Iron ore ‘disconnected from fundamentals’ after huge rally
First, iron ore hit $100 a ton, then it raced straight to $110, and now spot prices are well north of $120: the commodity’s rally has been so strong it’s triggering warnings that the gains have taken the market beyond fundamental drivers and prices are likely set for a pullback. Futures tanked.
“Prices are disconnected from fundamentals at the moment,” CRU Group Senior Analyst Erik Hedborg said in an interview from London, citing improving global supply and expectations that mainland steel consumption may soften. “We are rather bearish on Chinese steel demand for the second half.”
Iron ore has skyrocketed this year, hitting the highest level in more than five years, after a dam disaster at Brazil’s Vale SA and bad weather in Australia curtailed shipments just as Chinese demand expanded.

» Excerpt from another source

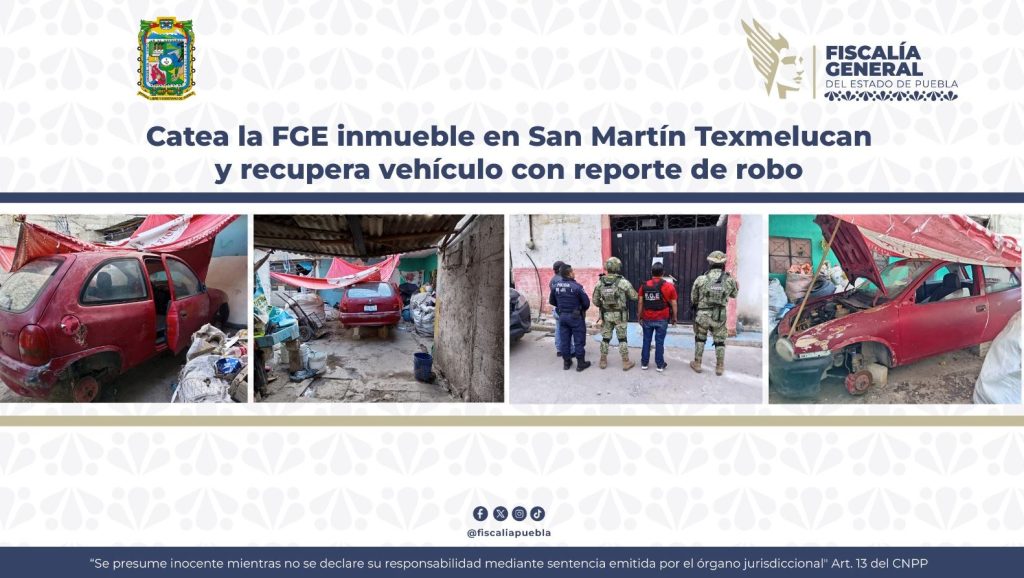 Catea la FGE inmueble en San Martín Texmelucan y recupera vehículo con reporte de robo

The steelmaking material made another dash higher in recent weeks after Australian miner Rio Tinto Group cut output guidance again following operational problems. The ascent has spurred concerns the advance may prove to be unsustainable.
“Supply is looking pretty decent, with the exception of Rio,” Hedborg said. Exports from Australia in June should be strong as some miners ramp up in the last month of their financial year, he said. In Brazil, Vale has also restarted its Brucutu mine, a major operation that was suspended after the dam collapse.
Benchmark spot ore hit $127.15 a ton on Wednesday, the highest since 2014, according to Mysteel Global. Prices have risen for the past six days, the best run since 2017, after surging 18% in June. They are expected to hold near $100 this half and average $95 over the full year, according to Hedborg.
Rally in Dalian
In the futures market, there are signs gains may be excessive. On the Dalian Commodity Exchange, prices have surged more than 75% this year, and the most-active contract’s 14-day relative-strength index had held above 70 for the past four days, a figure that suggests the rally may be overdone. On Thursday, futures in both Dalian and Singapore lost more than 4%.
There are also indications that seaborne supplies are picking up, with Hedborg emphasizing the restart in Brazil of Anglo American Plc’s Minas Rio operation, which had been shuttered for most of last year after two pipeline leaks.
Top miners including BHP Group are estimated to have shipped 301 million tons in the second quarter, up 14% from the January-to-March period, according to Sanford C. Bernstein & Co., which tracks vessels. In Australia, exports from Port Hedland — the main maritime gateway in the top shipper — set a record in May for that month. June figures are due in the coming days.
Other forecasters have flagged expectations for a softening of prices this half and into 2020. In its latest global market outlook, Australia’s Department of Industry, Innovation and Science forecast that free-on-board prices would average $80.10 a ton this year and decline to $61.40 in 2020. Morgan Stanley has predicted a gradual drop back to $90 a ton in the fourth quarter.
“The price now is very, very high,” said Hedborg.